Hi - I can't help with Manitoba but Calgary has proven to be a fantastic place to live for us. We emigrated here in 2007 from the UK and have not looked back since. Our kids settled into there new life and really enjoy school here. We have made lots of new friends and enjoyed our new life in Canada. Sam


----------



## buzz18 (May 7, 2008)

miraculousmedal said:


> I found some job posts located in Winnipeg and Brandon. My first choice for relocation is Calgary and have now widened my choices to two, Manitoba and Calgary. At the same time, I have a very good friend in Winnipeg which I believe is also very healthy for my family to start with. Of these two places, which is better for a family of 5. My kids are 16, 8 and 6.
> 
> Thanks a lot.


Hi 
I have been talking to a lot of people on Facebook as i'm looking into going to live in Manitoba (steinbach) and from all accounts of what i've heard it's Great for children of all ages and Adults there' loads for both to do. Also you can check out the house prices by going to realesatebook.com and put in the size of house you would need and your price range and you can check out all the differant provinces, and if you contact any of the agents that are linked to that property they will help you as much as they can. My wife and i have been in ore at some of the homes and places of interest and we hope togo on holiday this year for 3weeks to check the place out. GOOD LUCK. ALL THE BEST. Buzz. (Keith)


----------



## Getting There (Nov 19, 2008)

miraculousmedal said:


> I found some job posts located in Winnipeg and Brandon. My first choice for relocation is Calgary and have now widened my choices to two, Manitoba and Calgary. At the same time, I have a very good friend in Winnipeg which I believe is also very healthy for my family to start with.

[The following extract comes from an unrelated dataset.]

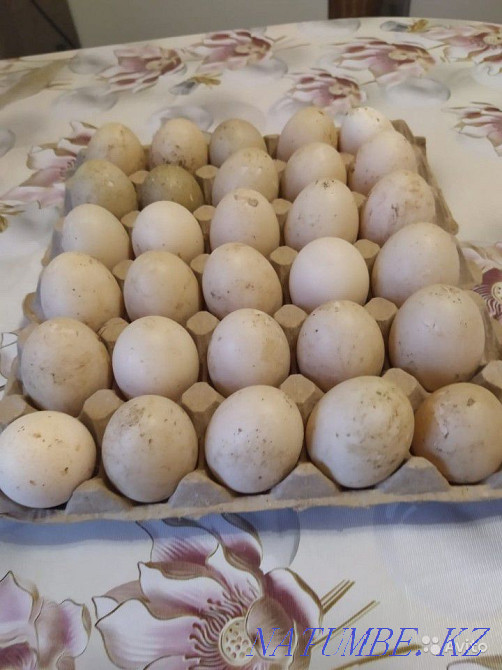 Sell duck hatching eggs Ekibastuz - photo 8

Of these two places, which is better for a family of 5. My kids are 16, 8 and 6.
> 
> Thanks a lot.


Hi,

As per our previous interactions on this site, we would certainly say Calgary and surrounding towns offer a good base for families. We've never been to Winnipeg and so cannot say how it would suit a family. Having a friend in Winnipeg is certainly a factor to bear in mind but if you are prepared to make the effort to integrate into Canadian life (having the children probably helps here as it brings you into contact with many other parents and children) we believe Canada generally, is a relatively easy place to settle.

Kind regards,

Eamonn & Janet.


----------



## Peggy (Aug 16, 2007)

*Don't move to Winnipeg*



miraculousmedal said:


> I found some job posts located in Winnipeg and Brandon. My first choice for relocation is Calgary and have now widened my choices to two, Manitoba and Calgary. At the same time, I have a very good friend in Winnipeg which I believe is also very healthy for my family to start with. Of these two places, which is better for a family of 5. My kids are 16, 8 and 6.
> 
> Thanks a lot.


Hi There, 
Don't move your family to Winnipeg! We lived there for over 10 years, kids could not play outside without supervision, bikes were stolen, van broken into, house broken into and we lived in the good part. Calgary is a much nicer city, lots more for the kids to get involved in. You are ony 1 hour from the beautiful mountains, and only five hours from Beautiful British Columbia. Winnipeg has nothing for families.


----------



## Peggy (Aug 16, 2007)

*Steinback*



buzz18 said:


> Hi
> I have been talking to a lot of people on Facebook as i'm looking into going to live in Manitoba (steinbach) and from all accounts of what i've heard it's Great for children of all ages and Adults there' loads for both to do. Also you can check out the house prices by going to realesatebook.com and put in the size of house you would need and your price range and you can check out all the differant provinces, and if you contact any of the agents that are linked to that property they will help you as much as they can. My wife and i have been in ore at some of the homes and places of interest and we hope togo on holiday this year for 3weeks to check the place out. GOOD LUCK. ALL THE BEST. Buzz. (Keith)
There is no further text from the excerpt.